Case Study
Market Sizing for an Investor in Healthcare Automation
A healthcare-focused investment firm was evaluating a Series A robotics company targeting hospital logistics automation. The target company's investor materials presented a multi-billion-dollar TAM. Autonomy Bridge replaced it with a bottom-up SAM grounded in hospital labor cost structures, integration constraints, and regulatory requirements , producing a market size estimate one-fifth the size of the TAM and a materially different revenue timeline.
Market Sizing for an Investor in Healthcare Automation
Frameworks: Robotics ROI Model Hub: Case Studies
| Field | Detail |
|---|---|
| Client type | Healthcare-focused investment firm |
| Engagement type | Bottom-up market sizing and investment due diligence support |
Situation
A venture and growth equity firm with a healthcare technology portfolio was evaluating a potential Series A investment in a robotics company developing autonomous platforms for hospital logistics , specifically, autonomous mobile robots for medication delivery, specimen transport, and linen and supply logistics within acute care hospital facilities.
The target company’s investor materials presented a total addressable market of $4.2 billion, derived by multiplying the number of acute care hospital facilities in the United States by an estimated average system value (Source: Autonomy Bridge proprietary analysis, 2026). The investment committee found the figure credible on its face but wanted an independent assessment of the market size before proceeding with term sheet discussions. The question was whether the $4.2 billion figure was a reliable basis for evaluating the company’s revenue trajectory and market position.
Problem
The investment firm needed a market size estimate grounded in the actual economic and operational conditions of hospital deployment , not the theoretical ceiling of all hospitals multiplied by an average system value.
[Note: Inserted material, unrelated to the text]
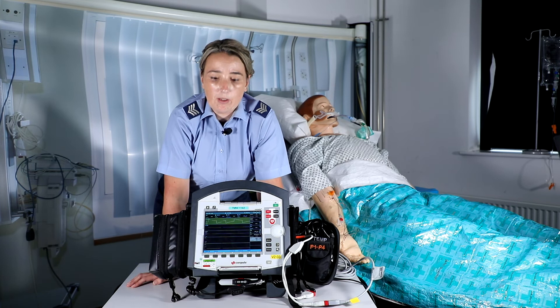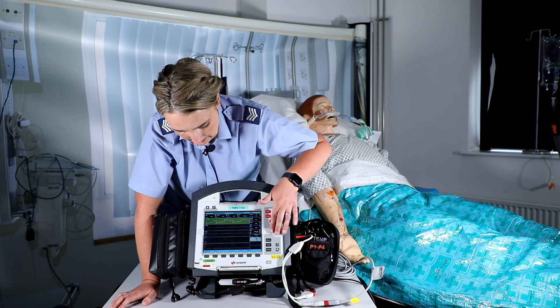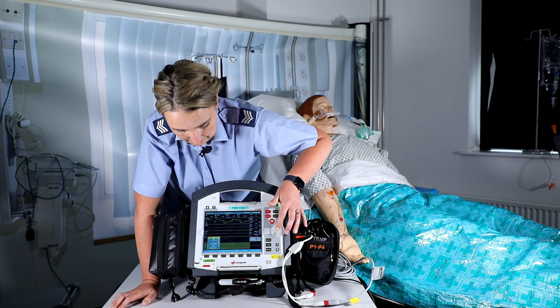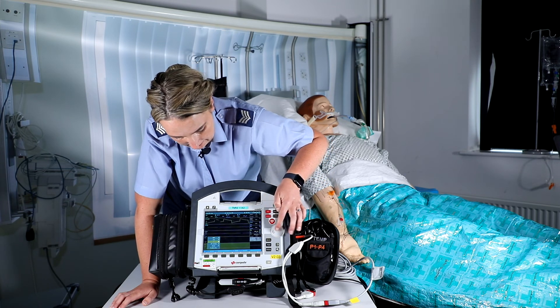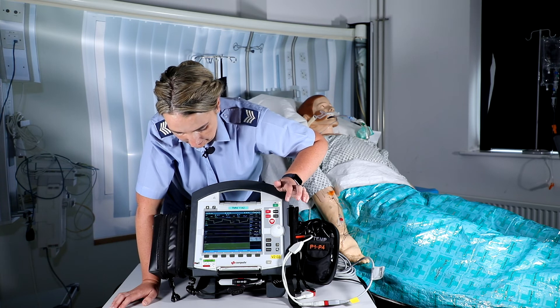The other thing we want to be able to do with the Corporal is label our invasive lines. To do this, go down into the curve screen and select P2 — the line we've been using. Press select in there, and you can see we're on the invasive blood pressure line. Go down to the dashes, select in there, and we can then label this line to whatever it is — for example, arterial blood pressure — and select like so.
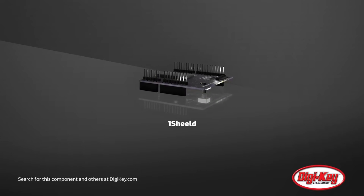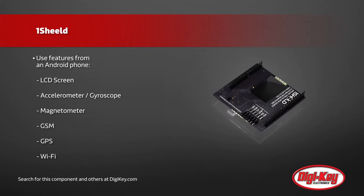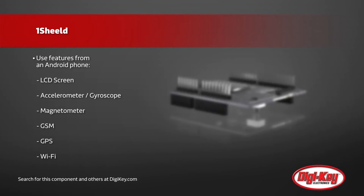DigiKey is proud to offer the OneShield, an Arduino shield to replace all other shields. This uses Bluetooth 2.1 to communicate with a specific app on any Android-based phone, and uses the sensors, switches, LEDs, and wireless capabilities already built into the phone.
Specifically, the firm needed to know: what fraction of the U.S. acute care hospital population had the labor cost structure, operational conditions, and integration readiness to support a viable deployment at the target company’s current price point? What was the realistic serviceable addressable market, and what revenue timeline did that SAM imply at plausible penetration rates?
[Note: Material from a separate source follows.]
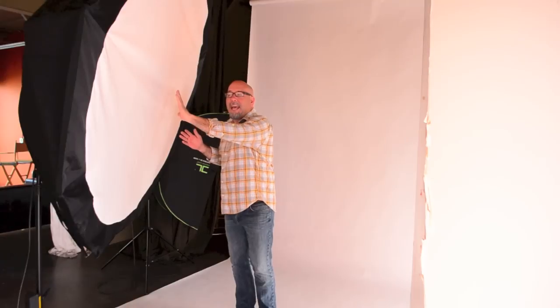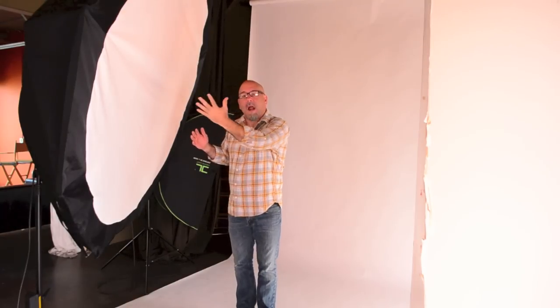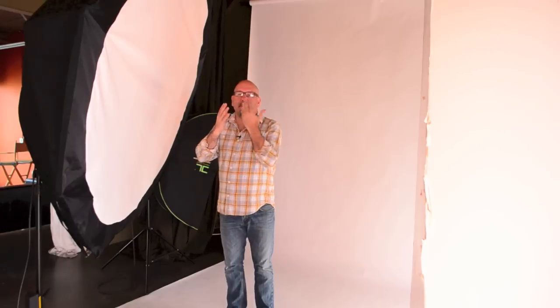By moving your subject back to the back of the softbox and using the back edge of the light, the front edge of the light will actually wrap around the subject, instead of most of the light going behind the subject or just slightly in front. If you move the person to the back of the softbox or octobank, the light wraps around the subject and creates a really soft edge transfer, which is beautiful.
The question mattered because the target company’s valuation and revenue projections were built against the $4.2 billion TAM. If the actual SAM was materially smaller, the company’s projected revenue trajectory required a reassessment , and the investment decision required different assumptions.
Analytical Approach
Autonomy Bridge applied the Robotics ROI Model to the hospital logistics automation market to build a bottom-up SAM estimate.
The analysis began by defining the economic viability threshold for the platform: the minimum conditions under which a hospital deployment generated a return within a payback period acceptable to hospital capital committees. Variables assessed included: nursing and clinical support staff labor cost by hospital type and geography, the removable fraction of staff time attributable to transport tasks the platform could address, system price and total cost of ownership including EHR and building systems integration, and the ramp period required to reach full utilization.
The U.S. acute care hospital population was then screened against the economic viability threshold. The screen excluded hospitals below the minimum bed count required to generate enough transport task volume for viable utilization, hospitals in labor markets where fully-loaded clinical support staff cost fell below the threshold required for payback, and hospitals whose existing IT infrastructure and building systems were assessed as incompatible with autonomous vehicle integration at reasonable cost.
A separate regulatory screen was applied to exclude hospital categories where Centers for Medicare and Medicaid Services (CMS) conditions of participation or state health department requirements created deployment barriers independent of economics.
The SAM was then subjected to a penetration model using adoption curve data from analogous hospital technology categories , electronic medication administration records, automated pharmacy dispensing systems , to produce revenue projections at year 3, year 5, and year 8.
Key Findings
-
The bottom-up SAM for the platform, at its current price point and system specifications, was approximately $840 million , approximately one-fifth of the $4.2 billion TAM presented in the target company’s investor materials (Source: Autonomy Bridge proprietary analysis, 2026).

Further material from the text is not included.